Example #1: NPR’s Mara Liasson—who has covered the White House for 24 years and therefore should be worthy of at least some modicum of respect—asked whether entitlement reforms exist in the President’s budget offer:
Carney: “Mara, the way you phrase that question makes me think that you’re still working on a typewriter or something.”
Is this what the War on Women looks like?
Example #2: When CBS’ Bill Plante—who has covered every President since before many of you reading this were born (1968)—asked Carney when the President would release a budget (by law, it was supposed to be done no later than February 4th), Carney was outraged:
“I challenge virtually every premise of your question. I don’t know what your question is here,” Carney scolded Plante as if he were an intern for Maxim. “Bill, how long have you been covering Washington?” he continued. “Has there ever been a presidential budget that was enacted, word for word, into law?”
Chuck Todd (NBC/MSNBC) jumped in to defend Plante, informing Carney that a president is always first in introducing a budget before the House and Senate, not last.
“Well, I disagree with that,” barked Carney.
Well, that beats, “I know you are but what am I?”
A week prior, Carney went out of his way to mock George Will, whom he shared a roundtable with during Carney’s Time days as a This Week panelist. The spat started when Will stated he didn’t take Carney seriously given his job to spin any news to be favorable to the President. Fair enough…

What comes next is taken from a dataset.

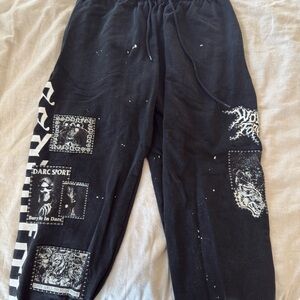 Darc Sport Black Graphic Sweatpants for Kids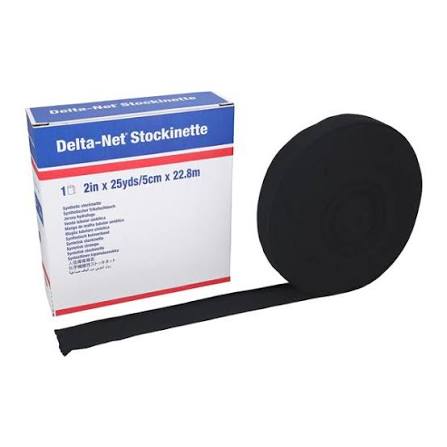 BSN7272301 Delta-Net Stockinette 2" x 25yrds (5cm x 22.8m) Black 2/CA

But Carney, instead of being above the fray, wasn’t having it: “I have a lot of respect for George Will. He’s a very smart guy, and despite the fact that a few days before the election, I think he predicted a Romney landslide very confidently on television — 321 to 217 [electoral votes] for the president, built on a victory in Minnesota, which the president ended up winning by more than 7 percent — I will continue to take George Will seriously.”
Seeing a pattern here?
Belittling esteemed members of the press is all the rage at 1600 Pennsylvania these days. David Plouffe’s recent tweet about Bob Woodward being washed-up is just one more example:
“Watching Woodward last 2 days is like imagining my idol Mike Schmidt facing live pitching again. Perfection gained once is rarely repeated.”
You stay classy, David…
Here’s what the current roadmap looks like for Carney: Democrats have little chance to win back the House in the 2014. But don’t take my word for it, that’s what the great Nate Silver is saying (and why Silver hasn’t been hired by Jeff Zucker/CNN for Joe Flacco-money yet is one of life’s great mysteries). So with the GOP still in control of Congress after the ’14 elections, Mr. Obama will officially be relegated to lame-duck status, unable to push the grand progressive agenda he covets. And whenever Aflac status is achieved, the existing press secretary usually sells while his/her stock is still high (See: doesn’t hang around).
Of the President’s 454 employees, Carney is one of 21 who receives the maximum salary of $172,000. Good money, sure, but maybe one-sixth of what he could make working in “journalism” again. Rumor has it that MSNBC is hiring former senior members of Team Obama, and the aforementioned CNN (his former home via Time Warner) would sign Carney in a heartbeat. Given his prior (impressive/extensive) experience, his salary would be north of seven figures. Easily.
The last two presidents have seen their second terms consist of three different press secretaries.
Given the precedence, there’s no shame in taking the money and running, Jay.
You’ve performed one of the most difficult water-collar jobs in the world for two years with passion and fortitude, but your patience looks to be at an end.
The rest of the ride simply isn’t worth the stress of dealing with the press…
Especially when you can become one of them again.